TASK TO CARRY OUT: Starting with the line that has "Villagers carry dead" in the records below and ending with the line that has "Elegant Brass Chandelier", output those lines exactly and nothing more; omit the pictures.

SUPPLIED RECORDS:
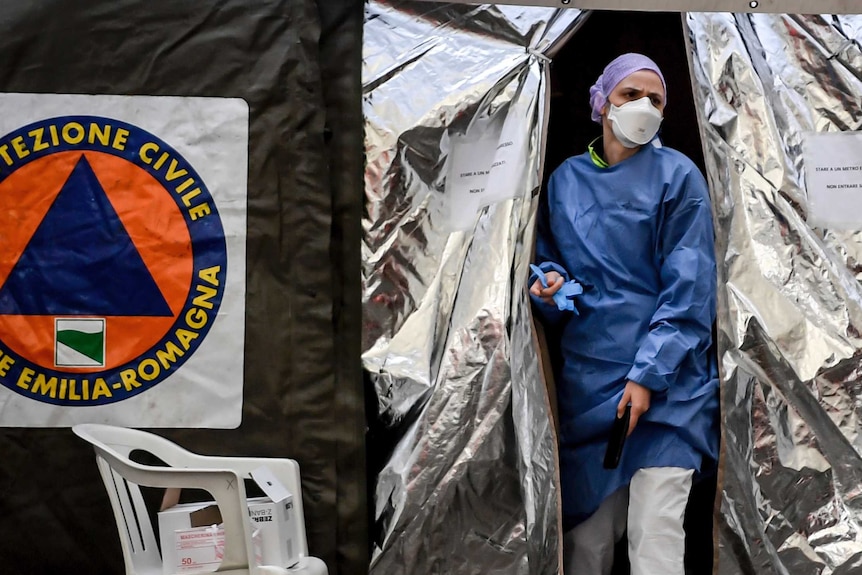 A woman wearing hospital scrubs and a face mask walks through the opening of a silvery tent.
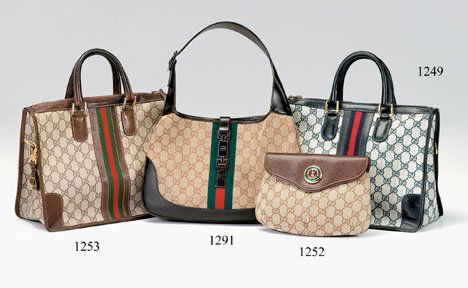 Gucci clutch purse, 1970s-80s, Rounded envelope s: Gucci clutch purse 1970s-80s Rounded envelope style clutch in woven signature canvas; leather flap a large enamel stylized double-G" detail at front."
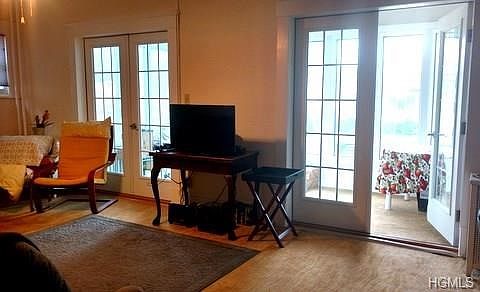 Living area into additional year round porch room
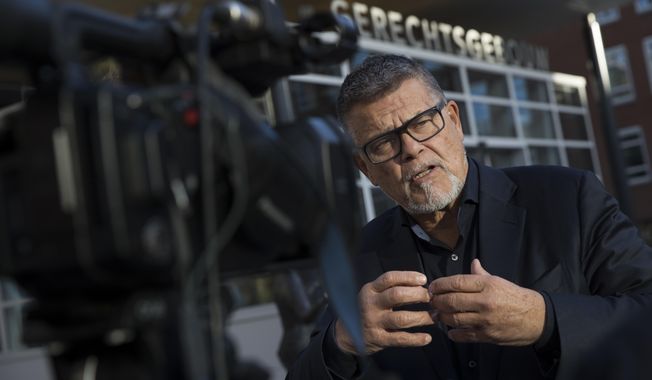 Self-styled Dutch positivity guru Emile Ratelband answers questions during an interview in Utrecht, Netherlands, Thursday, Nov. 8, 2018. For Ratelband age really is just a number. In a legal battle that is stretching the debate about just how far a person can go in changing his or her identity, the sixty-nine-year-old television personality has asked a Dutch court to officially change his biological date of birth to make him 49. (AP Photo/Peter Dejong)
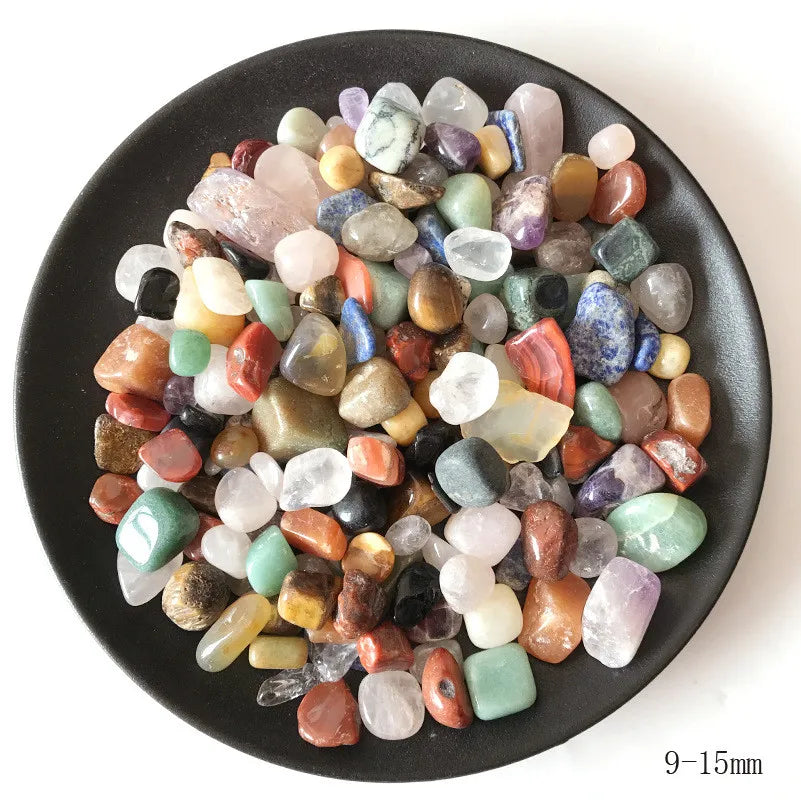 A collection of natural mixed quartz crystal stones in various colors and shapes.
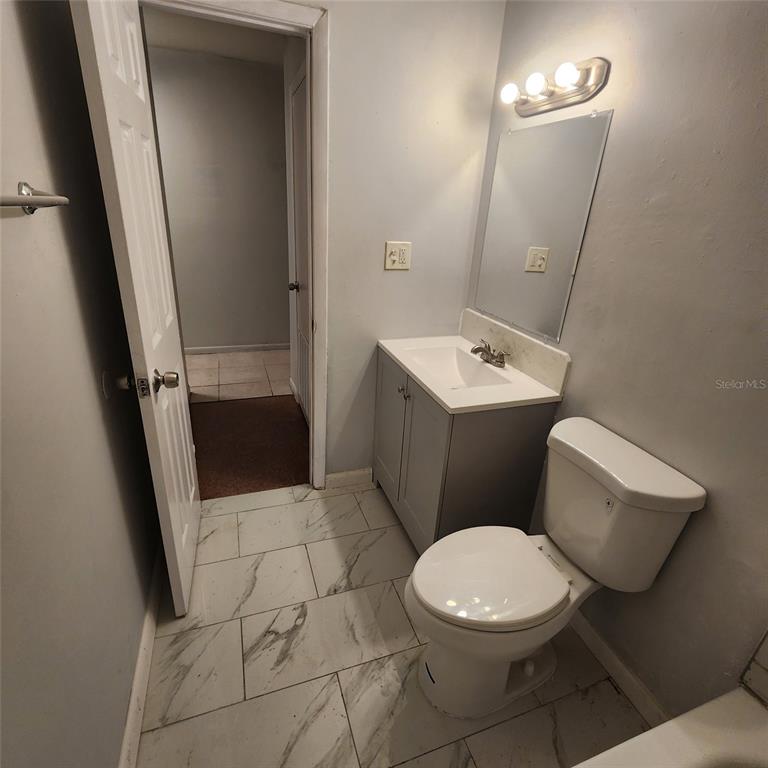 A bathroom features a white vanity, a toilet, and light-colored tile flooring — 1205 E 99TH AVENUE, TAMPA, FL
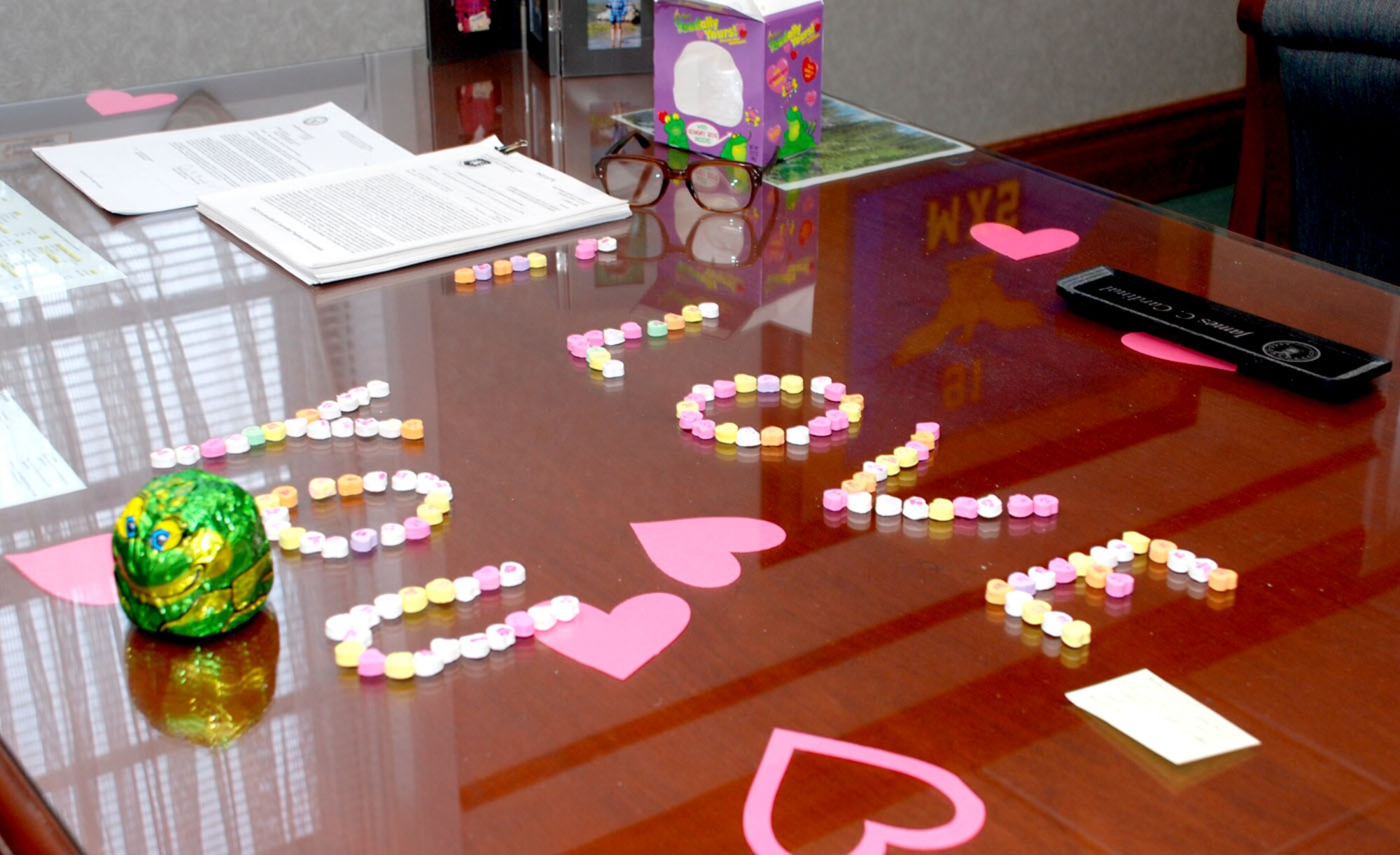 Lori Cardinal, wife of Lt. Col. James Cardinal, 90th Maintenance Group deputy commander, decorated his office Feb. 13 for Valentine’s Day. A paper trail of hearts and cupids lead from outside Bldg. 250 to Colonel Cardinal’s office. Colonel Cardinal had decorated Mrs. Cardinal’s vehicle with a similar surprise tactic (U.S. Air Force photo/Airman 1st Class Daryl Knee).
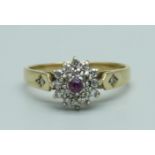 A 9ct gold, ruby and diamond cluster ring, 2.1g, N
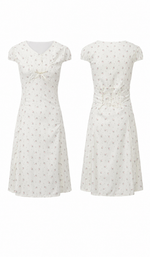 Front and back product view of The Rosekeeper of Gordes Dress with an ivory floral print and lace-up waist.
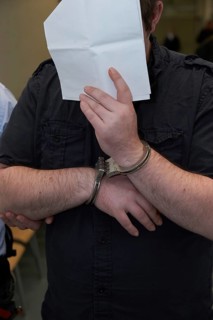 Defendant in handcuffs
==
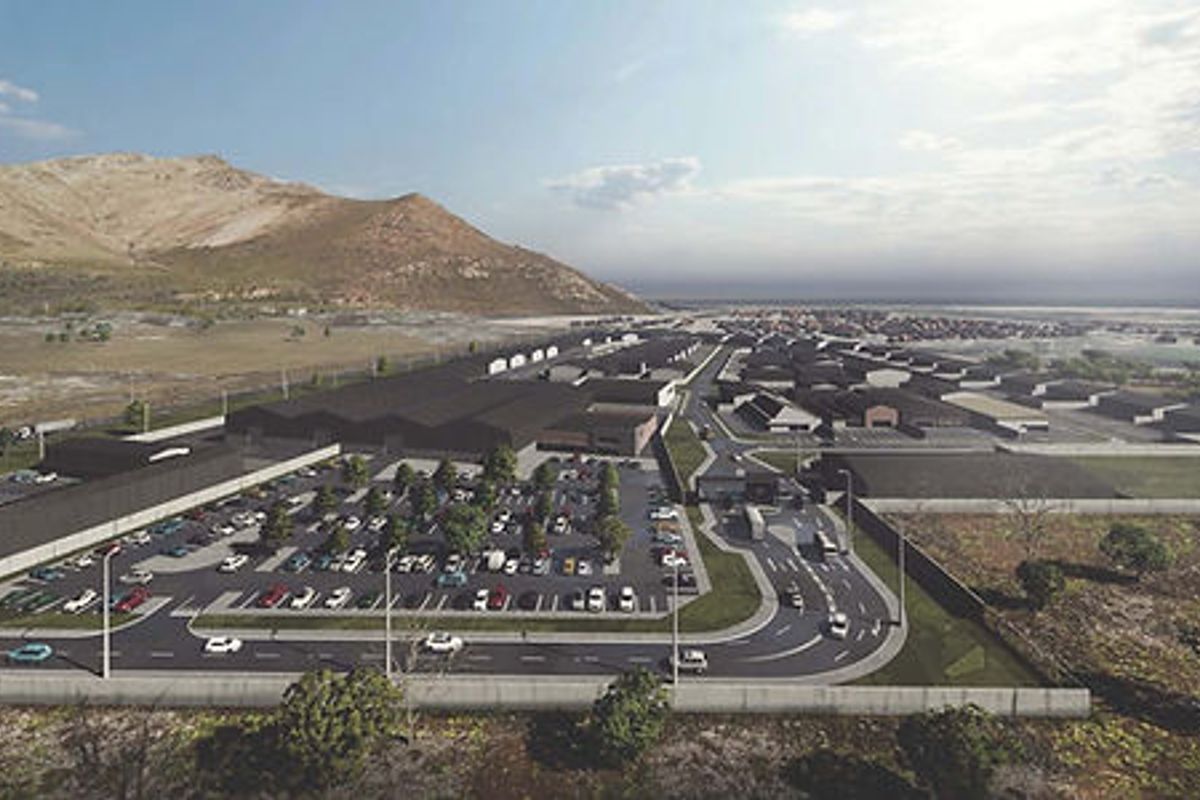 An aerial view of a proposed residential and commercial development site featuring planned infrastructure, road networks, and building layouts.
...
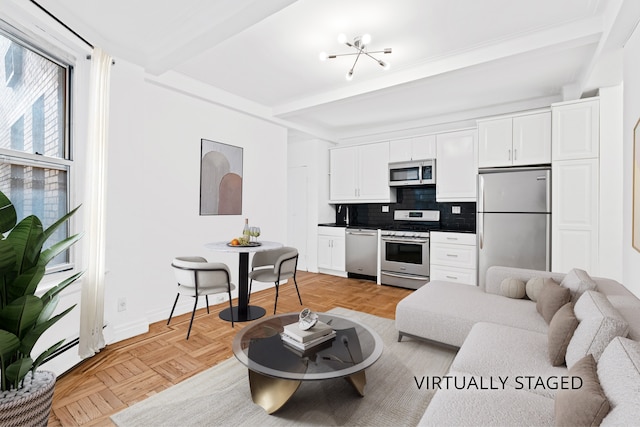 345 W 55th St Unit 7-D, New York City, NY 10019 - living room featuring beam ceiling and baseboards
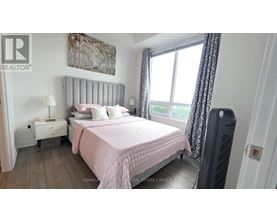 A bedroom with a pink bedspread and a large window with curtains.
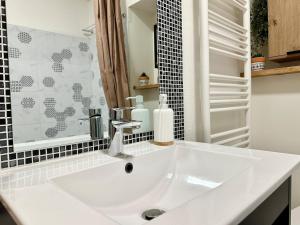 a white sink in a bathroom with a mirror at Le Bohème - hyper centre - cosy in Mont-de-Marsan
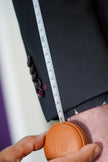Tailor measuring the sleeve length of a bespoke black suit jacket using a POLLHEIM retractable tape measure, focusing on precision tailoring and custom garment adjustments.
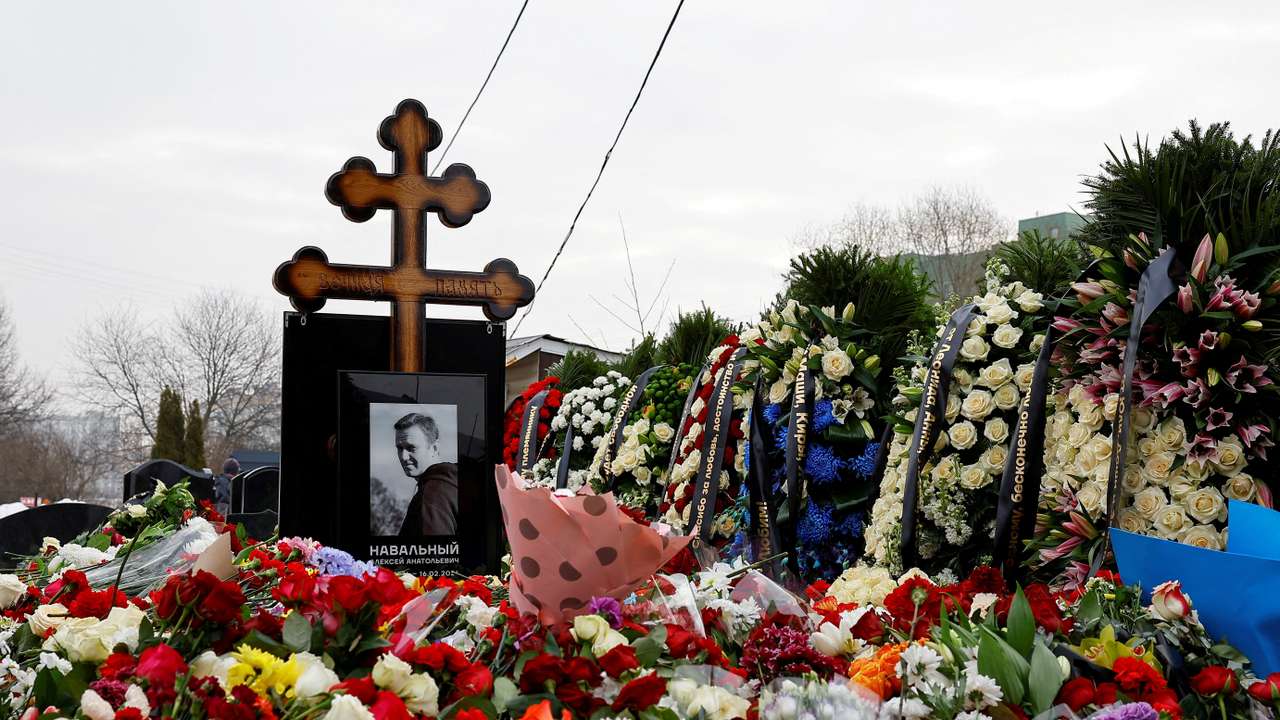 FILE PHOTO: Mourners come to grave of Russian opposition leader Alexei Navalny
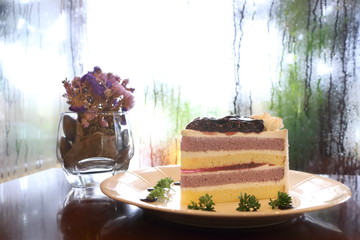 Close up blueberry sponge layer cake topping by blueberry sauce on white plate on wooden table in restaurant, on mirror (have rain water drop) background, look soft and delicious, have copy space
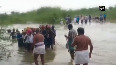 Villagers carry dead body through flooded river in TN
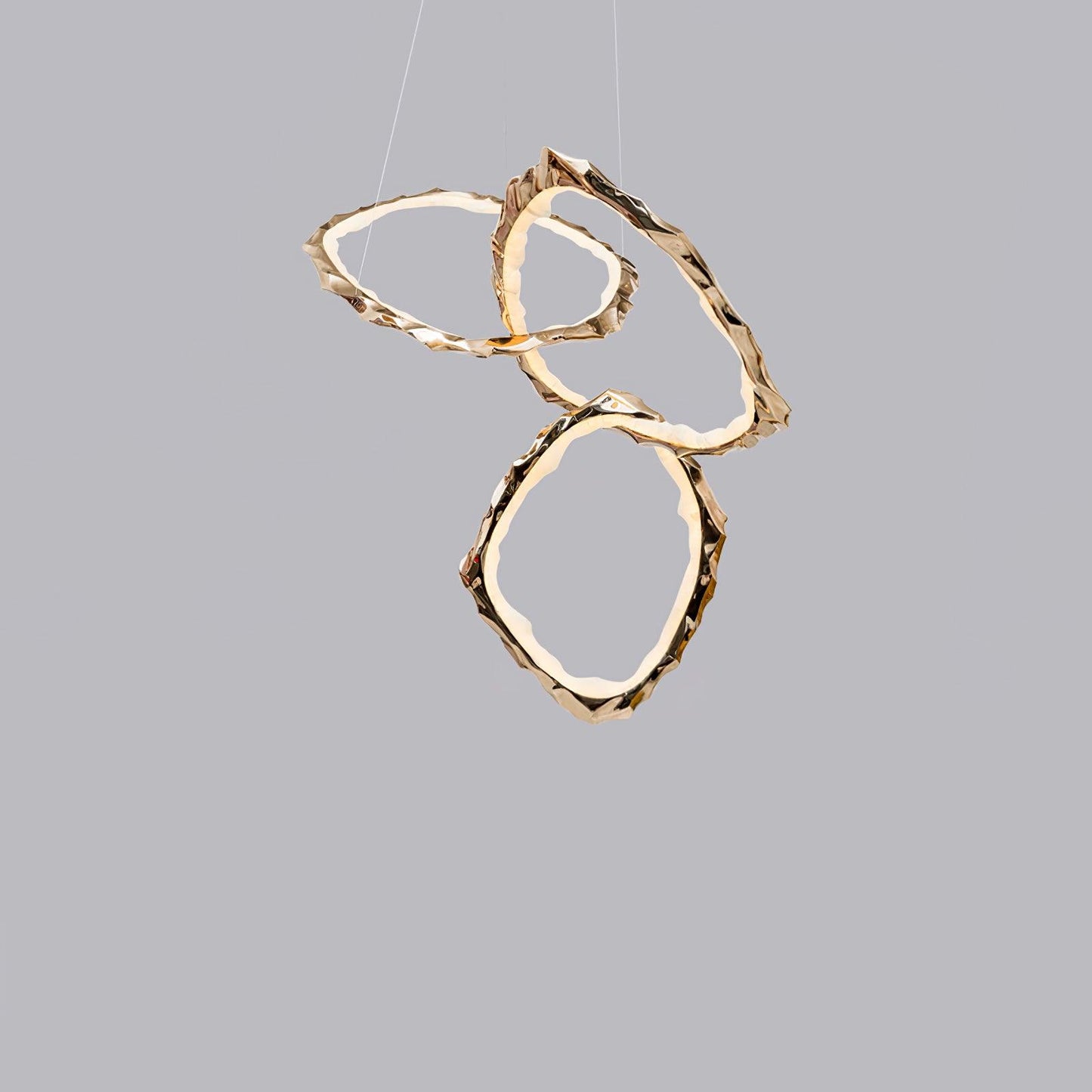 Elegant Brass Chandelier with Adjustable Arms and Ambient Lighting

RESULT FOR THIS TASK:
 Villagers carry dead body through flooded river in TN
 Elegant Brass Chandelier with Adjustable Arms and Ambient Lighting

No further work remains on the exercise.